Evrak kayıt baktı, 4 evraktan 3 tanesi kayıtlı!!
Kayıt numaraları ile bir daha gidildi CİMER’e; 3 kayıttan, 1 tanesi (tüm engellileri kapsayan, iş sahası açma) var, 3 tanesi yine yok! Olan 1 tane de, 15 gün sonra -e Devlet’te görünürmüş…
‘Ne yapacağız, binlerce epilepsili bu yönetmelik tasarı önerisini bekliyor; bu yıl artık bu iş bitmeli, iş yerinden izin aldım ama 2 saati geçti hala bir şey yapamadık, gecikiyorum. Ben sizi ararsam, kesin açmazsınız; evrakı bulunca siz beni arar mısınız’ dedim ama pek ümidim de yok… O konuşmada ilginç olan, halkla ilişkilerden sorumlu diğer bayanla yaptığımız konuşma idi…
‘Her resmi kuruma tek tek gidildi, artık bu işe nokta koydurmak için Cumhurbaşkanı’na geldik.
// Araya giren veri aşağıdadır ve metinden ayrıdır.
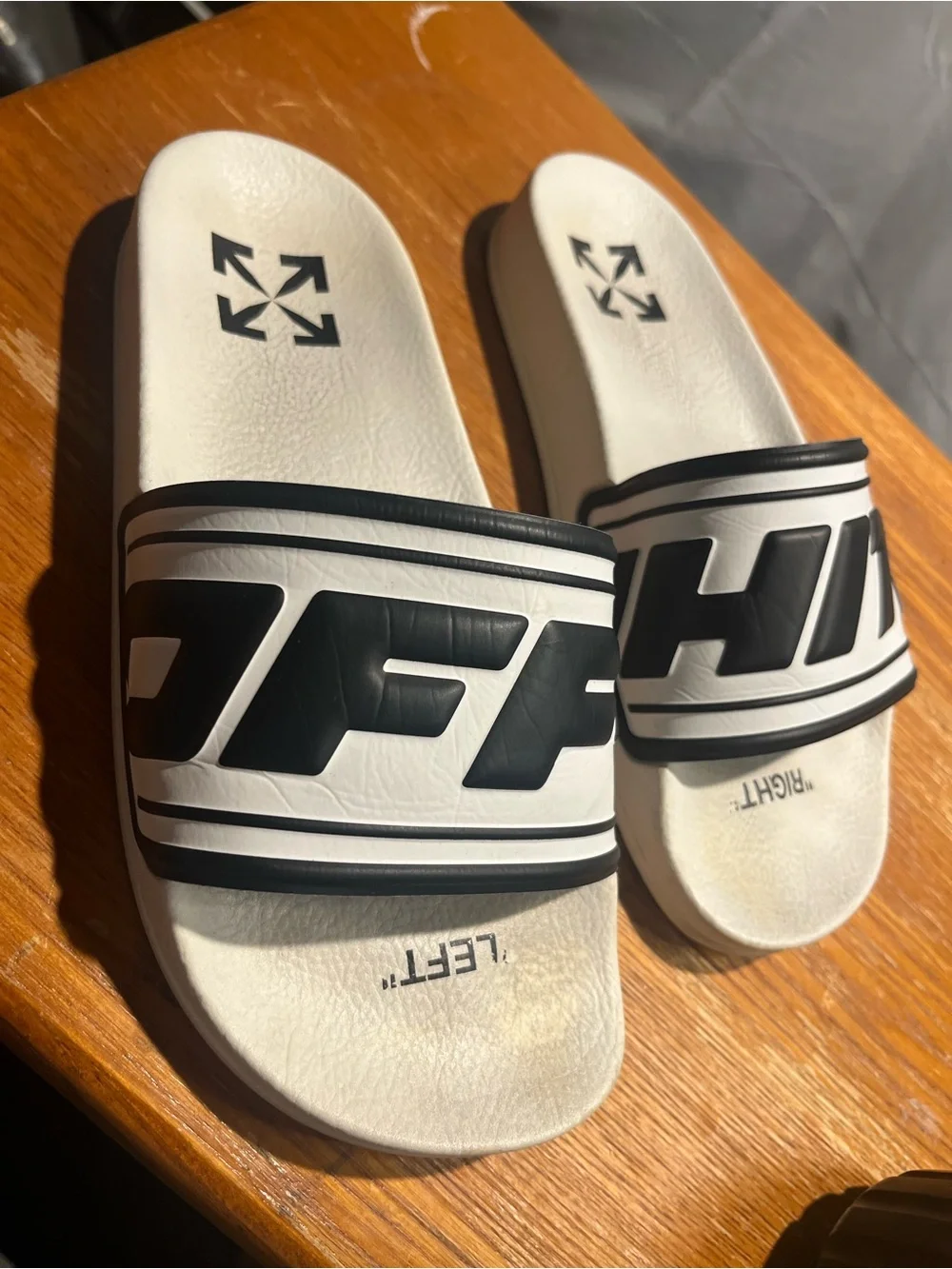 OFFWHITE Men’s Logo Pool White & Black Faux leather upper w/ rubber sole Slider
Zaten cumhur için bir çalışma 950.000 kişi, aileler 4 kişi olsa, 4000,000 kişiyi ilgilendiriyor. Bence Cumhurbaşkanı konu ile ilgilenir, zaten cumhurun başkanı’ dedim. Halkla ilişkilerdeki bayan ‘bence Cumhurbaşkanı’nın tanıdığı birisi ile gelin’ dedi. ‘Zaten TBMM, Bakanlık çalışmalarını o kişilerle yaptığımızı söyledim ve hangi birimi ayarlayalım, bakanlık mı; milletvekilleri mi, sağlık komisyonu başkanı mı’ deyince, ‘sağlık komisyonu başkanı’ dedi. Sanırım bu kez onunla görüşeceğiz. Bu çalışma başladığımızdan beri, görevdeki 4. Sağlık komisyonu başkanı, bir de onunla tanışacağız.
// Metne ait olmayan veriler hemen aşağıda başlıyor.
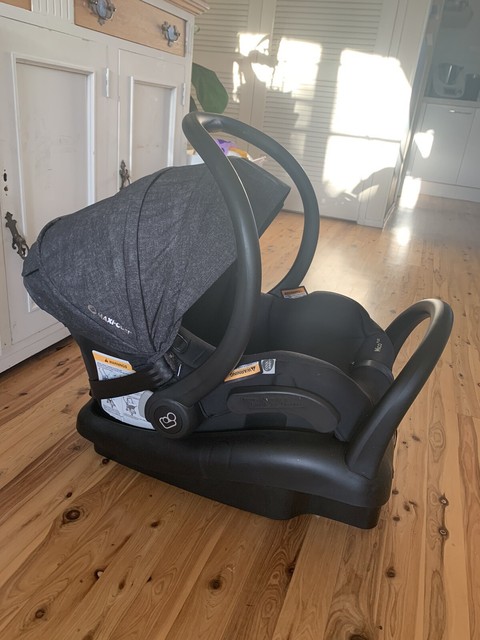 maxi cosi capsule and base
20 kişiyi ilgilendiren iş değil, finansal kazanç değil, rant değil; 950.000 kişinin yaşamını ve iş hayatını ilgilendiren konu. Diğer milyonlarca engelliye de hitap edeceğiz; öncülük edeceğiz. Bunların aralarından engellileri seçip; iş hayatına yerleştireceğiz. Ey Allah’ım! Topluma yarar sağlamak için ille dayımızın, ağamızın mı olması gerekir? Neden karınca gibi gider bu işler? Neden milyonları ilgilendiren işler ertelenir? Neden zor bulunan işlerin kaybolmasına neden olacak olasılıklar ortadan kaldırılmak istenilmez? Neden doğrular kolay kolay görülemez? NEDEN, NEDEN; NEDEN?
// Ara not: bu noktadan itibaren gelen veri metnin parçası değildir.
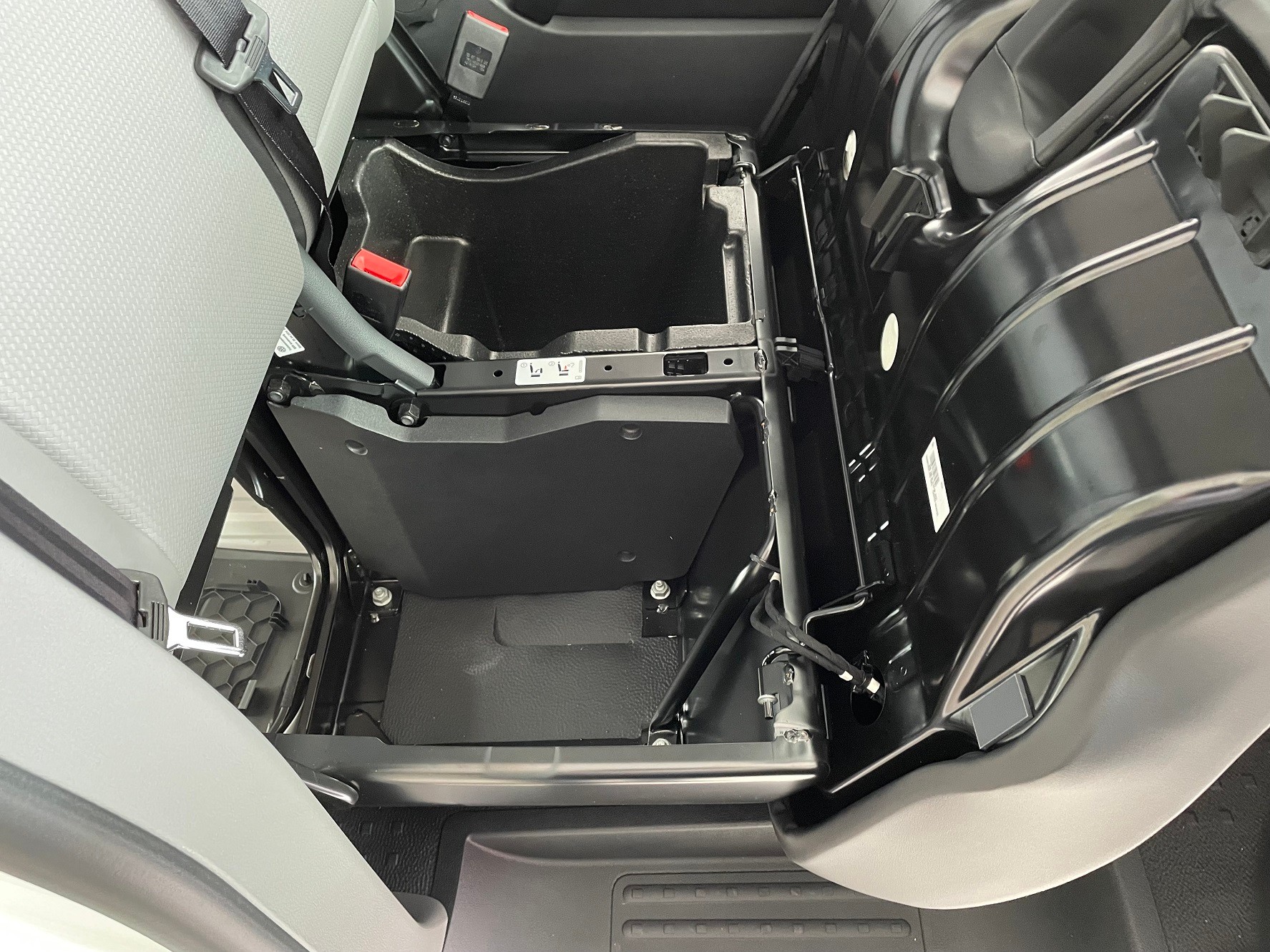 VW T6.1 2.0 TDI Entry-image-6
Benim bulamadığım cevabı bulabilen kişilerden cevap bekliyorum. Cumhurbaşkanlığı’na son gönderdiğim dilekçeyi ve CİMER’’e gönderdiğim yazıyı da sizlerle paylaşıyorum. Konu ile ilgili bilginiz olsun. Umarım en kısa süre içerisinde komisyon başkanı ile harekete geçebiliriz… Biz mücadeleye devam etmeye kararlıyız! Peki siz bize destek vermeye kararlı mısınız? Karalıysanız; hepimizin istikameti duyuruların daha etkili olması için hazırlanıp; paylaşılan yazıları, resimleri ve videoları; sosyal medyada, basında paylaşma zamanı!
Sevgiyle kalın
Ebru ÖZTÜRK
Epilepsi ve Yaşam Platformu Kurucusu&Başkanı
Türkiye Sakatlar Derneği Kadın Kolları Başkanı
Gönderilen dilekçe ve CIMER yazılarını da sizlerle paylaşıyoruz
19/09/2019
Türkiye Cumhuriyeti Cumhurbaşkanlığına,
2001 yılından bugüne ülkemiz genelinde epilepsililerin sosyal çalışmalarını yöneten, 2001 Epilepsi Hastaları Derneği, 2013 Epilepsi Hasta ve Yakınları Derneği, 2018 Epilepsi ve Yaşam Platformunun kurucusu ve IBE (International Bureau of Epilepsy) Türkiye temsilcisi olarak gönüllü görev yapan, sivil toplum örgütü başkanıyım.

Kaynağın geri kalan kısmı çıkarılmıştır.